Obedience as a Tool of Pressure

In addition to the previously mentioned reasons, there are further underlying factors contributing to the rising spinsterhood rate among young women, particularly in Taiz. Apart from the common causes mentioned earlier, these additional factors center around the infringement upon girls' rights to choose and shape their own destinies under the guise of obedience. This often involves prioritizing the authority of parents over the autonomy and rights of daughters when it comes to establishing their own families.

Amani Abdullah, aged 43, candidly tells "Khuyut": "I derive immense satisfaction from caring for my elderly parents. From laundering their clothes to preparing their meals and providing them with dedicated care, I feel a deep sense of fulfillment in fulfilling my duties towards my loved ones and pleasing my Creator.

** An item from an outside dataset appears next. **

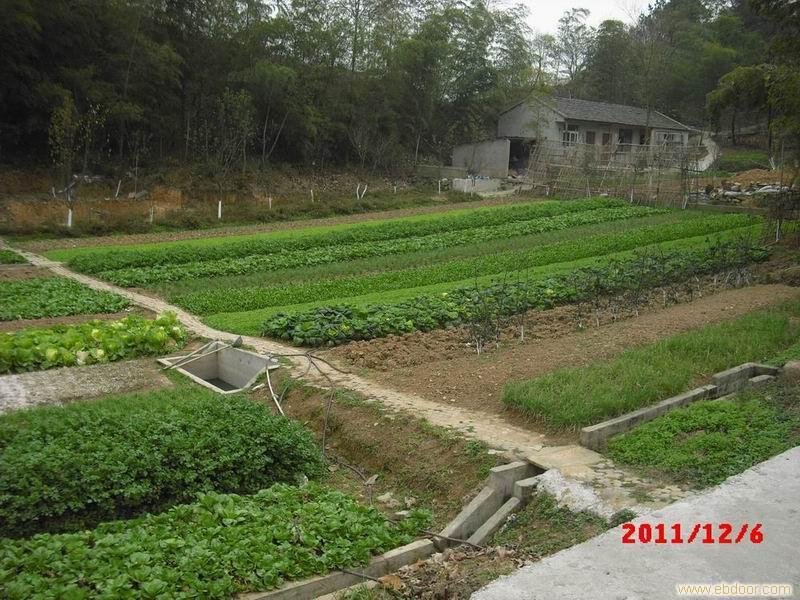 南京山庄蔬菜园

However, as I witness the effects of aging and fragility on my parents, a profound fear lingers within me - the fear of outliving them and facing solitude in my old age without anyone to provide for me. I dread the thought of becoming a burden on relatives and neighbors."

Amani, a single woman residing in the rural outskirts of Taiz, recounts her personal journey, revealing: "Being the eldest child in my family, I shouldered various responsibilities from a young age - managing household chores, engaging in agricultural work, tending to livestock, and fetching water for our daily needs. I vividly remember how my father would dismiss every suitor who approached me for marriage, redirecting them towards my younger sisters instead, so I remained bound to the duties of home and family, envisioned as the stronghold of our household, as he often emphasized."

And Amani adds: "Some fathers, particularly landowners, property holders, and livestock breeders in the rural areas of Yemen in general, resort to depriving their daughters of marriage and denying them their legitimate rights, both religiously and legally, as well as their physiological desires, to keep them in their service. This is due to the multitude of tasks and obligations within and outside the household."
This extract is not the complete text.